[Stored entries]
::::::
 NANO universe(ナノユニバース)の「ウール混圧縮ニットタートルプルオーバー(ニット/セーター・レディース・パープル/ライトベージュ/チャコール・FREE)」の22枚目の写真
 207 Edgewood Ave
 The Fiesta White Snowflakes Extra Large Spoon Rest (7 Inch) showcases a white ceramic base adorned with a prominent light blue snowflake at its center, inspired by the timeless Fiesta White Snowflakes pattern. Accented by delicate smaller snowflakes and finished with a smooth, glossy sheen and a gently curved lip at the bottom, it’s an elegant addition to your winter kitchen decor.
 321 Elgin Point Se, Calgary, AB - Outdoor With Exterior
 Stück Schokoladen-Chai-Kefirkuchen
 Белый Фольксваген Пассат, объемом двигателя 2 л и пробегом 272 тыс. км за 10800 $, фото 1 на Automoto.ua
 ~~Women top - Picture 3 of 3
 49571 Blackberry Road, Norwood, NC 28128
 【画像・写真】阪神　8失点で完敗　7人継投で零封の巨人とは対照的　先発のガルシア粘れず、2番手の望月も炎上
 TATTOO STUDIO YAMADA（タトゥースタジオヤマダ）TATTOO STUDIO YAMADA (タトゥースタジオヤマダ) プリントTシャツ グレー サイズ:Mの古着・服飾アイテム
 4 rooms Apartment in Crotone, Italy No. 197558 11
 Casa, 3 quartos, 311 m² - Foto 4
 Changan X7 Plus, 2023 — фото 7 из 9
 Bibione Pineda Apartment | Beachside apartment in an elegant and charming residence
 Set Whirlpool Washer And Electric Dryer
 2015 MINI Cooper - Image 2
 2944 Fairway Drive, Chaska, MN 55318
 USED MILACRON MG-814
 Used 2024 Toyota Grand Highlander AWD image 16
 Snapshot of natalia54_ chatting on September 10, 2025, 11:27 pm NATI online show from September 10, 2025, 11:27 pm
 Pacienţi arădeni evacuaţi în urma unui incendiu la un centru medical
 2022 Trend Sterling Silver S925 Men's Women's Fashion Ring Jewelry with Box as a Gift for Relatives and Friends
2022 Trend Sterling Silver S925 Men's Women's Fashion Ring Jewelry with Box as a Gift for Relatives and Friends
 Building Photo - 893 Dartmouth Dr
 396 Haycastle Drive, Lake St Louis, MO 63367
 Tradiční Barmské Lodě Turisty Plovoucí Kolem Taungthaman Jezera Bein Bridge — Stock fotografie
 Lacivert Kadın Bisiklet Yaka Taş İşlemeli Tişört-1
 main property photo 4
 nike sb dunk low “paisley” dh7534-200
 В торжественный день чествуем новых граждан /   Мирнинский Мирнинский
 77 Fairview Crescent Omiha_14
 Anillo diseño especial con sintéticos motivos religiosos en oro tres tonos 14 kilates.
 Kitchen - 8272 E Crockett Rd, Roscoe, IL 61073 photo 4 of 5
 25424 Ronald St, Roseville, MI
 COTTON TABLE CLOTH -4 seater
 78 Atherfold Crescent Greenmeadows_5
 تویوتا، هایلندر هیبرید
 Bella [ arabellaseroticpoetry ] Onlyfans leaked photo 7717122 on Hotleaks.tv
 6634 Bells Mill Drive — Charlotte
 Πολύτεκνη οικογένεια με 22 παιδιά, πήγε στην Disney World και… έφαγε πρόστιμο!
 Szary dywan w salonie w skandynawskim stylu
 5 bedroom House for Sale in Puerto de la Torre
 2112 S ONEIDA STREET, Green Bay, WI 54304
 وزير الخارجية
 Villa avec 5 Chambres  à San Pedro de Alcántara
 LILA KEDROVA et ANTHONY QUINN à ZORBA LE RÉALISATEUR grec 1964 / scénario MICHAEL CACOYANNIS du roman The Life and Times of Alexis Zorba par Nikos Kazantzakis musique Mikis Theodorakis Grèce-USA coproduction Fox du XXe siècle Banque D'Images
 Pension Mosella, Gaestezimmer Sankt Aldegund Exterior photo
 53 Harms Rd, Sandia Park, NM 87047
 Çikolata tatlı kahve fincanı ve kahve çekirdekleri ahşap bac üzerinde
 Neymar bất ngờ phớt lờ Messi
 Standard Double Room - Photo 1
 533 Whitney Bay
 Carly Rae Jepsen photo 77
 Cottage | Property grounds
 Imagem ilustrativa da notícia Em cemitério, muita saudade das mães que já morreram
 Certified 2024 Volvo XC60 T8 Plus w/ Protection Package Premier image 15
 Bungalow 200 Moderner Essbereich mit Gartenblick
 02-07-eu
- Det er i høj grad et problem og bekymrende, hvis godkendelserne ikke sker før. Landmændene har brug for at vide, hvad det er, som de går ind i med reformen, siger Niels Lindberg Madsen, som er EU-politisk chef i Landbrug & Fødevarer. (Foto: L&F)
::::::
Retype only the stretch of lines above starting at the one with "2112 S ONEIDA STREET, Green Bay, WI 54304" and stopping at the one with "Villa avec 5", exactly as written, with both kept.

 2112 S ONEIDA STREET, Green Bay, WI 54304
 وزير الخارجية
 Villa avec 5 Chambres  à San Pedro de Alcántara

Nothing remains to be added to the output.